This How-To will discuss both scenarios and possible ways to troubleshoot and solve them.

Note: This How-To assumes that the Active/Active configuration scenario described in the admin guide is NOT used.

Discussion:
  • Scenario-1 : Both cluster nodes active at the same time.[/size]
This is the most common problem we have observed and it basically means that the Master node cannot find the Slave node and the Slave node cannot find the Master node. In order explain this further we have an example cluster that currently have 5 interfaces as shown in the following picture.
Cluster.png
Cluster.png (93.59 KiB) Viewed 1816 times
This is a standard setup of a cluster. Every physical interface is connected to various switches, for instance we have G1 from both Master and Slave connected to the same switch and similar setup for all the other interfaces. The exception is the sync interface (G5) which is connected directly between the Master and Slave units using a standard TP cable, so nothing in between.

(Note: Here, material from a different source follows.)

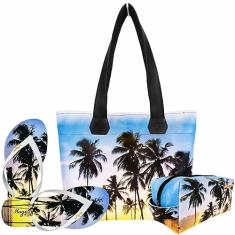 Kit Praia Feminino Coqueiros com Bolsa, Necessaire e Chinelo Magicc Bolsas KIT-143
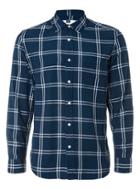 Topman Mens Blue Navy Check Viscose Casual Shirt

In order for the Master to find the Slave unit and wise versa the cluster is sending out heartbeats on all PHYSICAL interfaces. Heartbeats is basically a method for the cluster nodes to declare it's peer as up or down. We can think of them as a kind of ping packet constantly being sent and received that tells the cluster peer that it's up.

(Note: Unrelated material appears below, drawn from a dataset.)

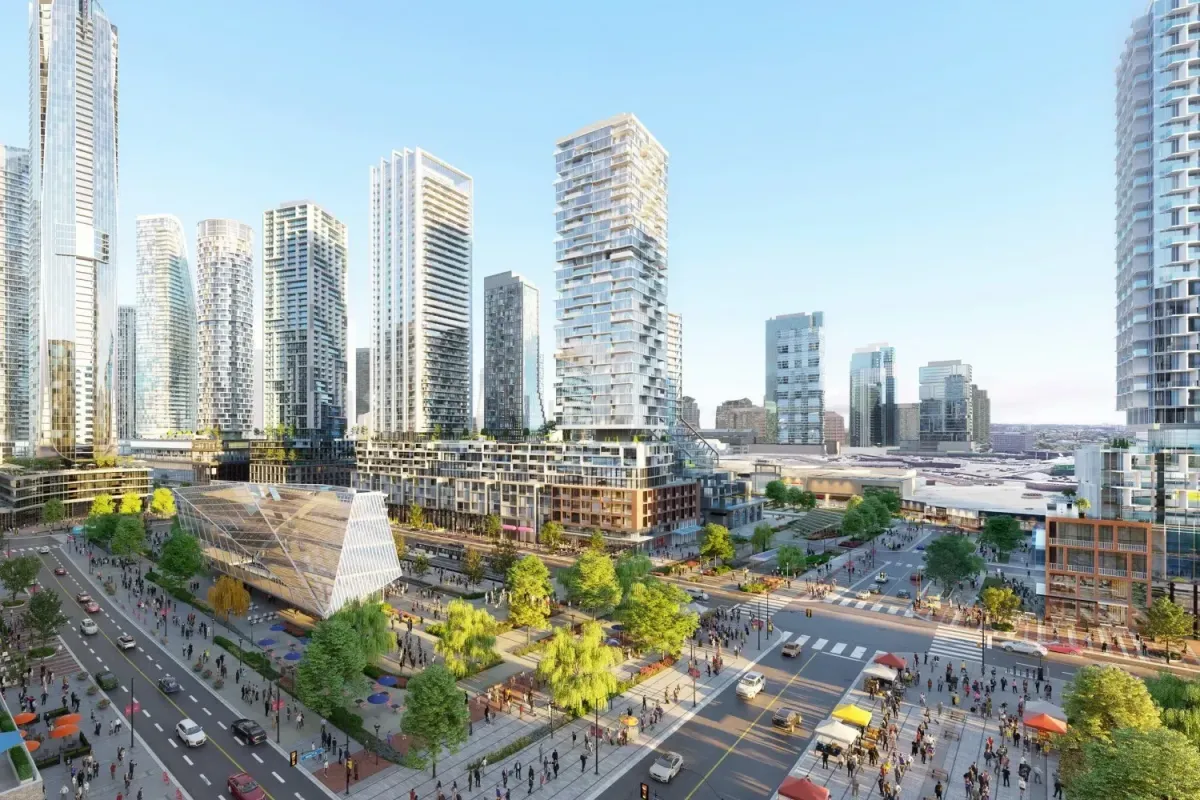 Modern office buildings and streetscape in the Mississauga business district.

Important: Heartbeats are NOT sent out on non-physical interfaces such as VLAN's, IPSec tunnels, GRE tunnels, PPTP connections, Loopback interfaces etc. If VLANs are used on a switch, untagged VLAN0 must be configured on the switch to allow heartbeat packets to be sent between the Firewalls.

Each interface is sending heartbeats at a set interval and each cluster peer then decides if it's cluster peer should be declared as up or down based on this data.

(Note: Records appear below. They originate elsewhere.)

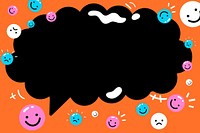 Emoticon speech bubble background, colorful design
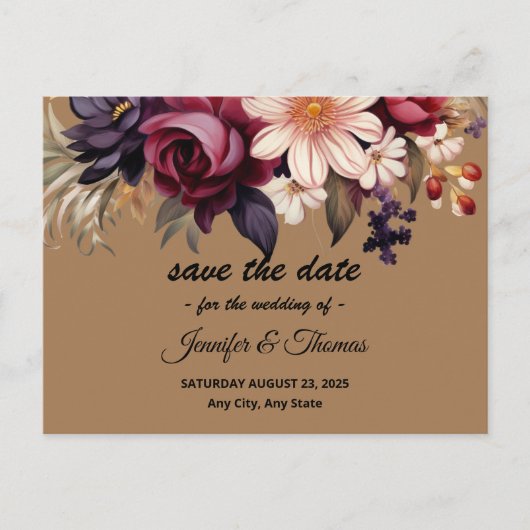 Elegante Renaissance Bloemen Save The Date Briefka Feestdagenkaart (Voorkant)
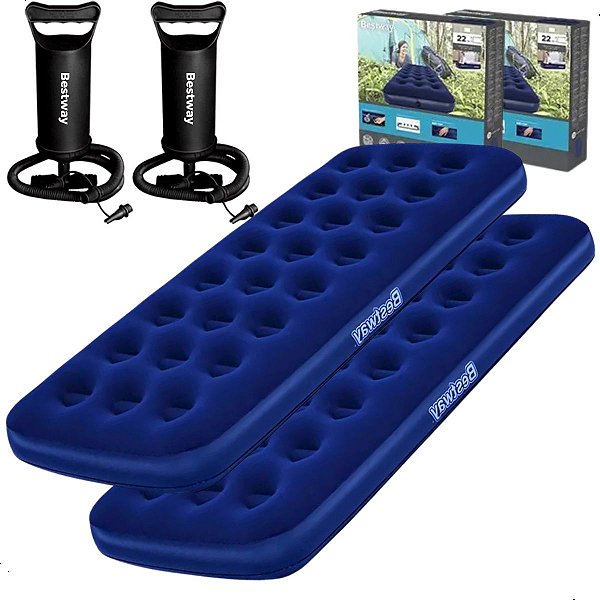Kit 2 Colchões Infláveis Solteiro Bestway C 2 Bombas Ar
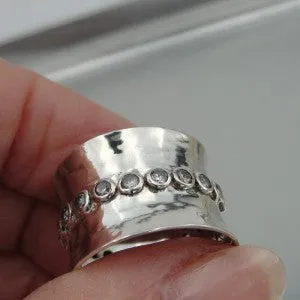 Hadar Designers zircon ring 7,8,9 sterling silver sparkling  handmade (I r548)8y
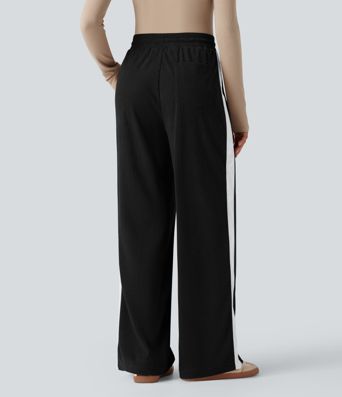 High Waisted Drawstring Straight Leg Color Block Corduroy Casual Pants with Pockets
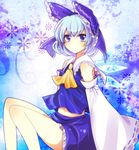  bare_shoulders blue blue_eyes blue_hair bow cirno cosplay detached_sleeves hair_bow hakurei_reimu hakurei_reimu_(cosplay) kohaku. large_bow midriff navel sitting solo touhou wings 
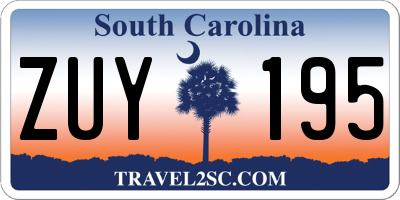 SC license plate ZUY195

But at the same time this it means we have some redundancy. In our example we have 5 interfaces in total, what if two of them is not used? They do not even have any link.
Cluster_NoLink.png
Cluster_NoLink.png (94.33 KiB) Viewed 1816 times
Would the cluster go active/active in this scenario? No, they would not. The reason for that is because the cluster peers receives/sends heartbeats from the other interfaces to still declare the cluster peer as alive.

Question: What if all interfaces except the sync is working? Would they go active/active then?
Answer: No, they would not. The synchronization interface sends out heartbeats at a fixed rate that is normally more than twice the amount of heartbeats sent on a normal interface, but it would still be more than enough to declare the cluster peer(s) as alive. There would be no state synchronization though, nor any configuration synchronization unless InControl is used.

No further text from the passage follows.